Reputation: 11
I'm doing an app which should take the whole website-html text and put it into the string. Then i wan to use System.out.println to show one, certain fragment of that string. My code
import java.net.*;
import java.io.*;
public class URLConnectionReader {
public static void main(String[] args) throws Exception {
URL oracle = new URL("www.example-blahblahblah.com");
BufferedReader in = new BufferedReader(
new InputStreamReader(oracle.openStream()));
String inputLine;
while ((inputLine = in.readLine()) != null)

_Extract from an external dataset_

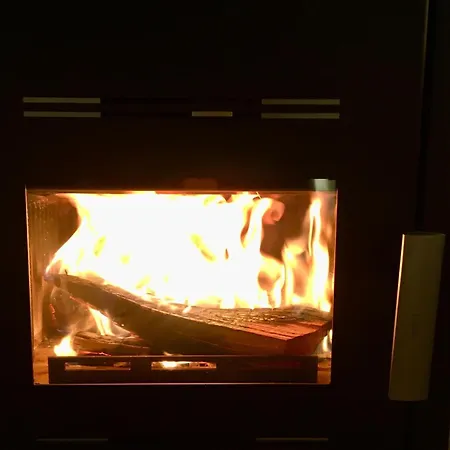 With Terrace, Sauna Near The Border Triangle * Arnoldstein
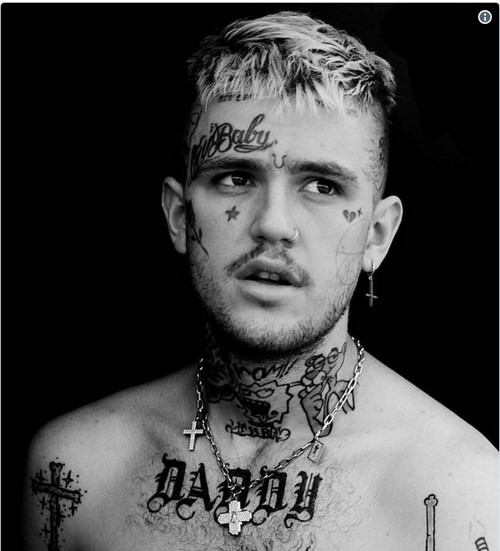 Lil Peep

System.out.println(inputLine.substring(inputLine.indexOf("<section class=\"horoscope-content\"><p>")+1, inputLine.lastIndexOf("</p")));
in.close();
}
}
It's supposed to show me text typed below:
<section class="horoscope-content">
<p>Text text text text</p>
Instead of that I'm having this:
Exception in thread "main" java.lang.StringIndexOutOfBoundsException: String index out of range: -1 at java.lang.String.substring(Unknown Source) at URLConnectionReader.main(URLConnectionReader.java:14)
What should i do?
Upvotes: 0
Views: 107
Reputation: 53
Your code reassigns inputLine every time it checks the condition in the while statement, depending on the HTML, you might want to read in the entire file before looking for the section of markup.
Unless you are positive that the HTML contains those sections of text, you are still going to get exceptions when it doesn't exist.

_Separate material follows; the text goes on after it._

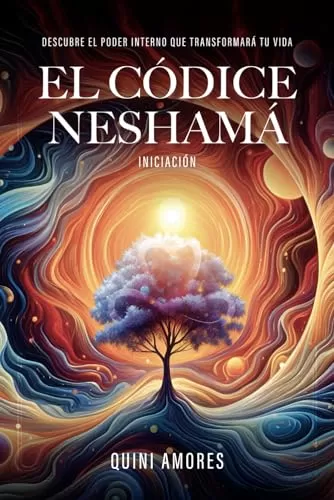 El C�dice Nesham�
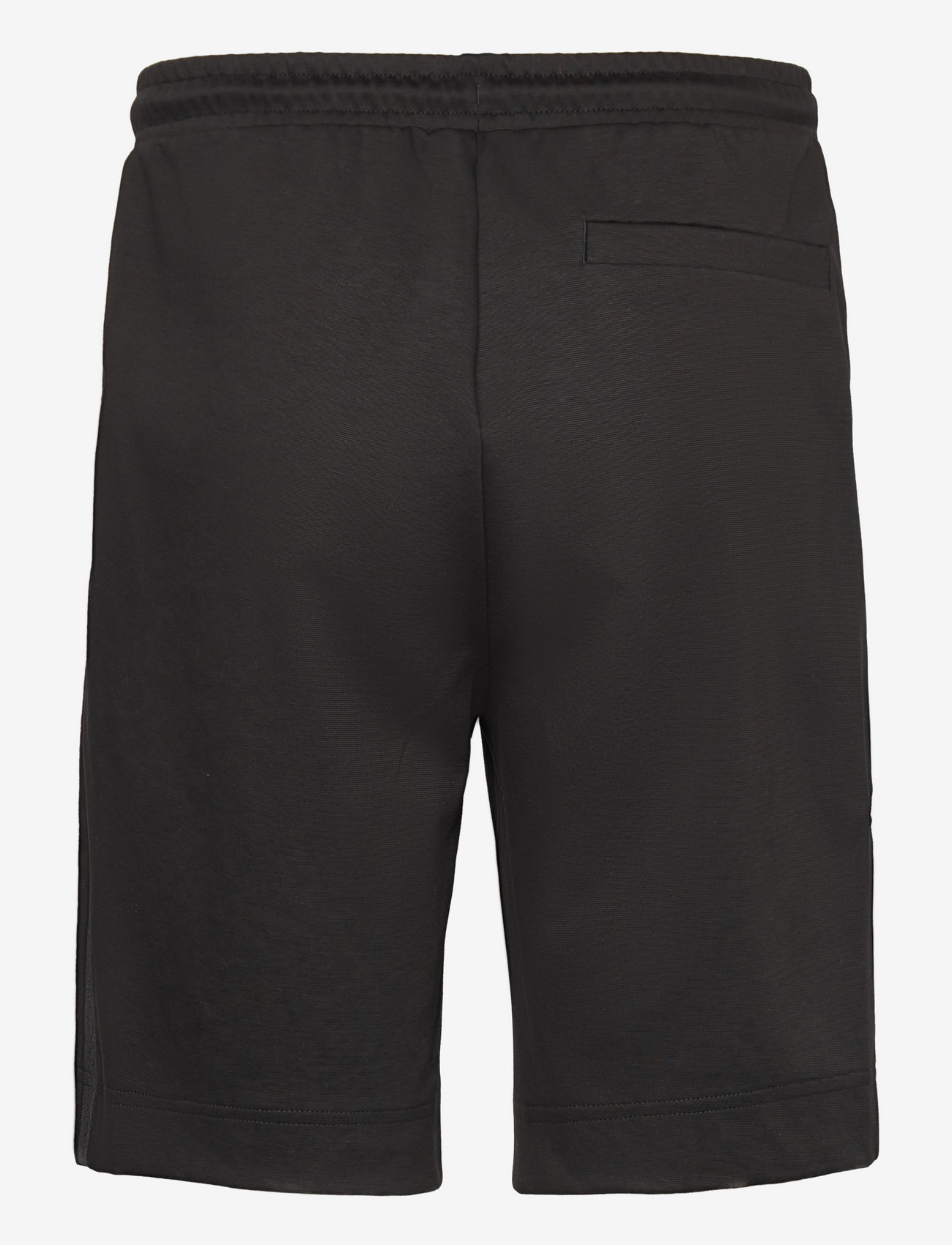 BOSS - Headlo Mirror - black - 1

You also only increased the index by 1 for the start, if you don't want the begining text output, you will have to increase by the length of the beginning section.
You can try something like this:
StringBuilder html = new StringBuilder(); //holds all of the html we read
String inputLine;
while ((inputLine = in.readLine()) != null) { //read line by line
html.append(inputLine); //add line to html
}
inputLine = html.toString(); //get
String startText = "<section class=\"horoscope-content\"><p>"; //starting tag
int start = inputLine.indexOf(startText);
int end = inputLine.lastIndexOf("</p"); //might want to use something like inputLine.indexOf("</p>", start); if there are multiple sections on the page
if(start >= 0 && end >= 0) { //make sure we found a section
System.out.println(inputLine.substring(start+startText.length(), end)); //print everything between the start and end tags (excluding the text in the start tag)
} else {
System.out.println("section not found"); //do something else since we didn't find the tags
}
Upvotes: 0
Reputation: 24454
You should use a more tolerant regular expression instead of indexOf
to be more stable concerning minor modifications of the input:
Pattern pattern = Pattern.compile("<section\\s+class\\s*=\\s*\"horoscope-content\"\\s*>\\s*<p>(.*?)</p>", Pattern.DOTALL);
Matcher matcher = pattern.matcher(line);
if (matcher.find()) {
System.out.println(matcher.group());
System.out.println("Text in paragraph: " + matcher.group(1));
}
This will be tolerant concerning line breaks and other whitespace characters.
Upvotes: 1